Ángeles sonrió levemente, le dio unas palmaditas en el rostro al Calvo Asesino, limpió sus manos con tranquilidad y regresó tranquila a sentarse en la cama.
El Calvo Asesino seguía actuando como si no temiera nada, con una actitud desafiante. A pesar de que la píldora tóxica ya se había derretido por completo en su boca y había sido tragada contra su voluntad, no mostró ninguna expresión de miedo.
En la habitación del hospital, los nueve hombres que habían traído al Calvo Asesino se miraban entre sí, inseguros de qué hacer.
Finalmente, una mujer entre ellos, una mercenaria, rompió en ese momento el silencio:—Señorita, usted es quien paga. Si quiere información, yo puedo interrogarlo por usted.
¡Usen todos los métodos necesarios! ¡No creo que El Calvo Asesino pueda seguir fingiendo!
Apenas se escucharon estas palabras, El Calvo Asesino, que ya estaba arrodillado en el suelo y sometido con fuerza, levantó de repente la cabeza. Su rostro se puso rojo como un tomate mientras comenzaba a luchar desesperadamente. De su garganta brotaban fuertes sonidos entrecortados y ásperos, como si estuviera asfixiándose, y todo su cuerpo empezó a convulsionar.

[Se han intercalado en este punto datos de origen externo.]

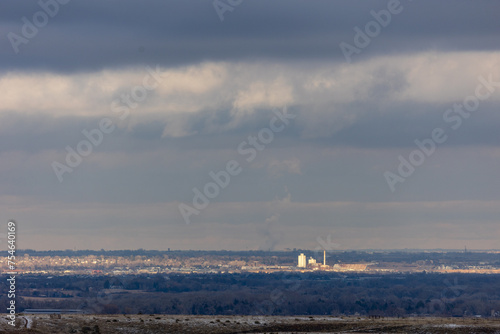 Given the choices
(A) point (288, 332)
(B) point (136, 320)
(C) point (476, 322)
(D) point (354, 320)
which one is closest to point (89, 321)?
(B) point (136, 320)

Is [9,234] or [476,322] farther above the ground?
[9,234]

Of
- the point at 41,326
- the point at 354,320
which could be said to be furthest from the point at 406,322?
the point at 41,326

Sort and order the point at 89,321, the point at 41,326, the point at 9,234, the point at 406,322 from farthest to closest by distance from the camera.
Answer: the point at 406,322 → the point at 89,321 → the point at 41,326 → the point at 9,234

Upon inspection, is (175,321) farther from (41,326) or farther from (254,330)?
(41,326)

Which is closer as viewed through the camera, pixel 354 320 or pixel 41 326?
pixel 41 326

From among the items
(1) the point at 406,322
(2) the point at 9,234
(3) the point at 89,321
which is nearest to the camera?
(2) the point at 9,234

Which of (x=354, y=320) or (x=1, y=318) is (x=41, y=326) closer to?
(x=1, y=318)
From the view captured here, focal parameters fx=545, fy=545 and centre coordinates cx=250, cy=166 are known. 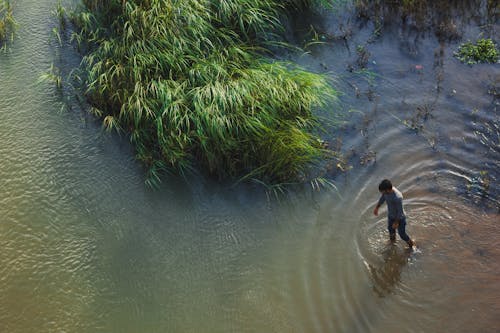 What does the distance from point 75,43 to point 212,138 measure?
12.1ft

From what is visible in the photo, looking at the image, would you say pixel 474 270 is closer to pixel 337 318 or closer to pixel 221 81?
pixel 337 318

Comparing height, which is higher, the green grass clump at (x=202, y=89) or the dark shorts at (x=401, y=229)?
the green grass clump at (x=202, y=89)

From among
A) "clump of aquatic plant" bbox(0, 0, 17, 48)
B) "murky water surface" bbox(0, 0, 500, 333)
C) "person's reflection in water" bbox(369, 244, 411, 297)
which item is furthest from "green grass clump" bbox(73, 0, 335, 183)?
"person's reflection in water" bbox(369, 244, 411, 297)

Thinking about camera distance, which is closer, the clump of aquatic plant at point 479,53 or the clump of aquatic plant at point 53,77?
the clump of aquatic plant at point 53,77

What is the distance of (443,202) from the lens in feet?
25.5

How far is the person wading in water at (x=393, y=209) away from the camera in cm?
658

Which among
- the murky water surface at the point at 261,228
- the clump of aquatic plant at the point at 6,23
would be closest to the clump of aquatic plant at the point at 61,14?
the murky water surface at the point at 261,228

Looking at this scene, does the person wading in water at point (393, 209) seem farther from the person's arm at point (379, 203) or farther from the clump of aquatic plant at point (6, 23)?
the clump of aquatic plant at point (6, 23)

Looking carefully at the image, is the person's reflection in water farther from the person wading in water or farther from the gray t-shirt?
the gray t-shirt

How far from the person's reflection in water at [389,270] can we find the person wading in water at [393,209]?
182 millimetres

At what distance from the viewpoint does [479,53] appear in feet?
32.6

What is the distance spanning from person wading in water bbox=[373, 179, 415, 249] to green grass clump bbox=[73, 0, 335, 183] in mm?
1619

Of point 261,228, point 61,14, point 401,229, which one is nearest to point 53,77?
point 61,14

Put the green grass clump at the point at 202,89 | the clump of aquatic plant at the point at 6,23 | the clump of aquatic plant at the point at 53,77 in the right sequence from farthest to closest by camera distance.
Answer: the clump of aquatic plant at the point at 6,23 < the clump of aquatic plant at the point at 53,77 < the green grass clump at the point at 202,89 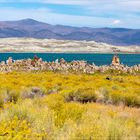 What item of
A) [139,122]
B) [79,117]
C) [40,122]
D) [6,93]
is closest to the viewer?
[40,122]

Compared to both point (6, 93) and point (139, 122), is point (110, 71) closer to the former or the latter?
point (6, 93)

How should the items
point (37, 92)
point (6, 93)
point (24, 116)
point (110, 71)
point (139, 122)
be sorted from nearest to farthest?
point (24, 116)
point (139, 122)
point (6, 93)
point (37, 92)
point (110, 71)

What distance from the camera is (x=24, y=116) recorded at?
10.7 m

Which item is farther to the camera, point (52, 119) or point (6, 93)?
point (6, 93)

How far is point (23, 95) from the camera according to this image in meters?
19.9

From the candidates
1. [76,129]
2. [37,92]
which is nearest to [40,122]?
[76,129]

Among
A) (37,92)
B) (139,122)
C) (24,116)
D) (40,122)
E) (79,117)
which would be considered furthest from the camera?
(37,92)

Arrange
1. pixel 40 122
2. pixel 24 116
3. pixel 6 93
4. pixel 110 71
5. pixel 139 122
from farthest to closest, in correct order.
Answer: pixel 110 71
pixel 6 93
pixel 139 122
pixel 24 116
pixel 40 122

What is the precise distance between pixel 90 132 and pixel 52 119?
201 cm

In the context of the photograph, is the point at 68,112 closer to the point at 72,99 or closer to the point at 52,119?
the point at 52,119

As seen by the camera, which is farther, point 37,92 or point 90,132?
point 37,92

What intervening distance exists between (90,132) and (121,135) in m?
0.77

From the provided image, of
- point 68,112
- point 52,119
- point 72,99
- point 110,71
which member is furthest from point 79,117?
point 110,71

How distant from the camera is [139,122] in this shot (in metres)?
12.4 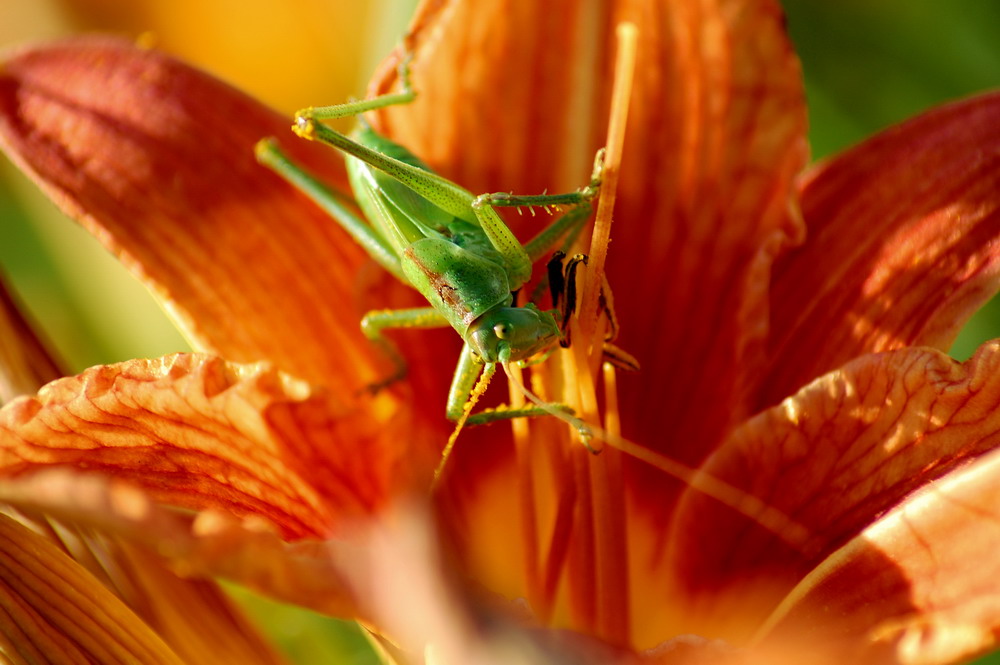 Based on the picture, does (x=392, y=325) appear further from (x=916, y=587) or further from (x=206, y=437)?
(x=916, y=587)

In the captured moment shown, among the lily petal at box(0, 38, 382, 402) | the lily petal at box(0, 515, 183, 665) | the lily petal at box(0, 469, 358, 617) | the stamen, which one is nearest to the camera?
the lily petal at box(0, 469, 358, 617)

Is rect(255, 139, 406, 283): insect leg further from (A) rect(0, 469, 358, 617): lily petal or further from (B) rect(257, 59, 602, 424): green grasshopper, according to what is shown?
(A) rect(0, 469, 358, 617): lily petal

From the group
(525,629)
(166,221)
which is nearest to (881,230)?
(525,629)

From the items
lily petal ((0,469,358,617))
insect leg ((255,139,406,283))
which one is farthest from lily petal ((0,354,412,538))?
insect leg ((255,139,406,283))

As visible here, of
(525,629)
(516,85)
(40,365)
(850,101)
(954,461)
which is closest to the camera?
(525,629)

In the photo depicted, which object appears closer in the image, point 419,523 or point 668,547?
point 419,523

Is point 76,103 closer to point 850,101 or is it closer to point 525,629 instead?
point 525,629
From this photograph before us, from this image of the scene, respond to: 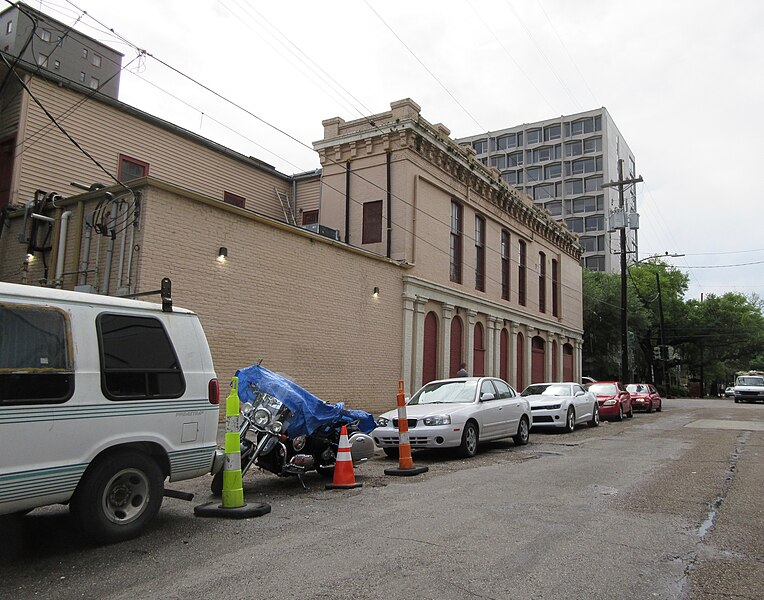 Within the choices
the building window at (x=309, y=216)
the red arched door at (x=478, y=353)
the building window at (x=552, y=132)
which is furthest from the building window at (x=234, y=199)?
the building window at (x=552, y=132)

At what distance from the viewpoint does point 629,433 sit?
15.9 metres

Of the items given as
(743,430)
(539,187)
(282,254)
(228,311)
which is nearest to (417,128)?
(282,254)

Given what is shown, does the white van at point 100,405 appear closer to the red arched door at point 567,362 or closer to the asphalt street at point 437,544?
the asphalt street at point 437,544

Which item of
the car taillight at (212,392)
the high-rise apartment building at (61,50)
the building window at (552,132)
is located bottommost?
the car taillight at (212,392)

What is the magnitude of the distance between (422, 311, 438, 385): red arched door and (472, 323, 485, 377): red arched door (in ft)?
10.1

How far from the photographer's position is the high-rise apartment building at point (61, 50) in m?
19.2

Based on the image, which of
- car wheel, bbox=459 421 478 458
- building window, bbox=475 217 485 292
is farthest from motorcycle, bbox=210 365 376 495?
building window, bbox=475 217 485 292

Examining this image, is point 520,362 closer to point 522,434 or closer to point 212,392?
point 522,434

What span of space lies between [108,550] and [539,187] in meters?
88.9

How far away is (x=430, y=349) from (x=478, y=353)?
420 centimetres

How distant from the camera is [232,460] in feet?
20.4

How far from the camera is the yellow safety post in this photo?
622cm

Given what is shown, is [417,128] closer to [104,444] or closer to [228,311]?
[228,311]

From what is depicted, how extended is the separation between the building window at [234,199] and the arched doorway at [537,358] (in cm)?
1711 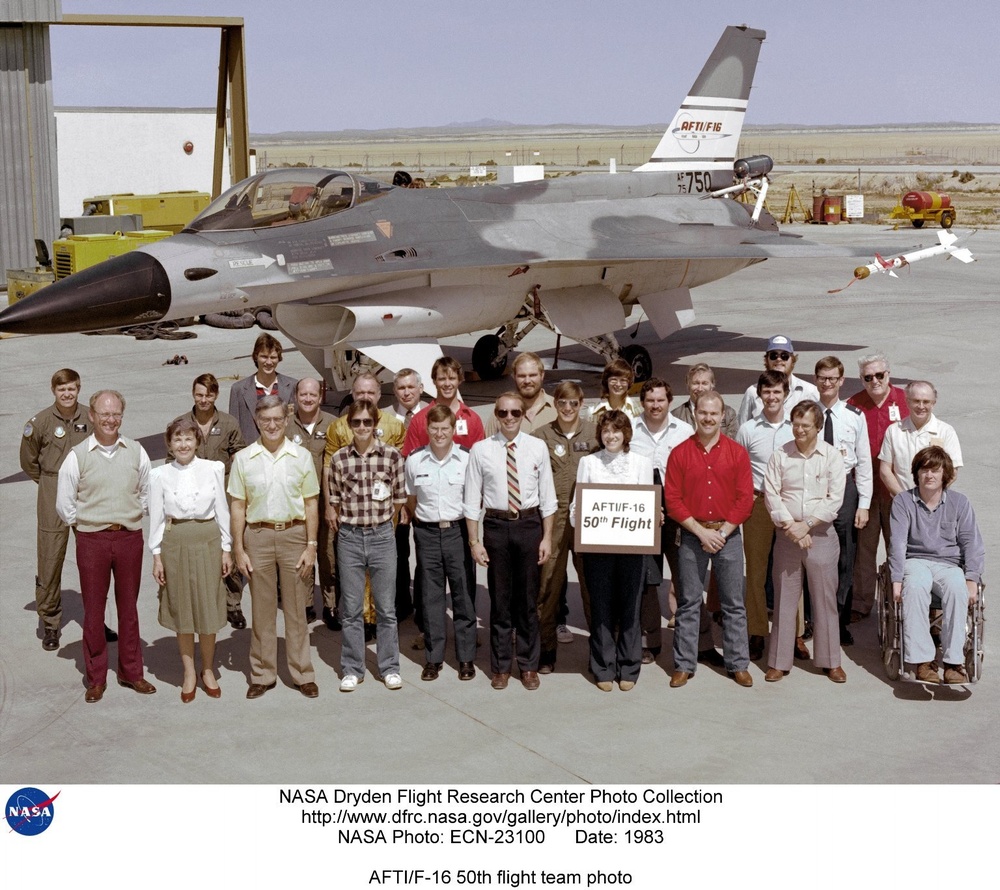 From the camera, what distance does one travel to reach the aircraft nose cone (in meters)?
11.3

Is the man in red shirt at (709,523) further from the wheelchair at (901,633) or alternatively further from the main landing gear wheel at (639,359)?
the main landing gear wheel at (639,359)

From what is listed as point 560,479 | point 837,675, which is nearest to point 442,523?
point 560,479

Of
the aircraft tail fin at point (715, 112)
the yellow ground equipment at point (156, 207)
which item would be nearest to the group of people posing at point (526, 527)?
the aircraft tail fin at point (715, 112)

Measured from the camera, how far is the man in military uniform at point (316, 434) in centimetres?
799

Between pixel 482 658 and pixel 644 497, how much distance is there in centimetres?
164

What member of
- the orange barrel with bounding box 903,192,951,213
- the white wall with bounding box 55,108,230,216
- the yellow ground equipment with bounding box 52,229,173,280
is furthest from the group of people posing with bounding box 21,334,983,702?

¡Era como un cerdo furioso al que ni varios podían contener!
El Calvo Asesino consiguió soltarse de las sujeciones, rodando por el suelo como si en ese instante estuviera sufriendo un dolor inimaginable. Con una fuerza descomunal, rompió todas las cuerdas que lo mantenían atado y comenzó a golpearse contra el suelo con violencia.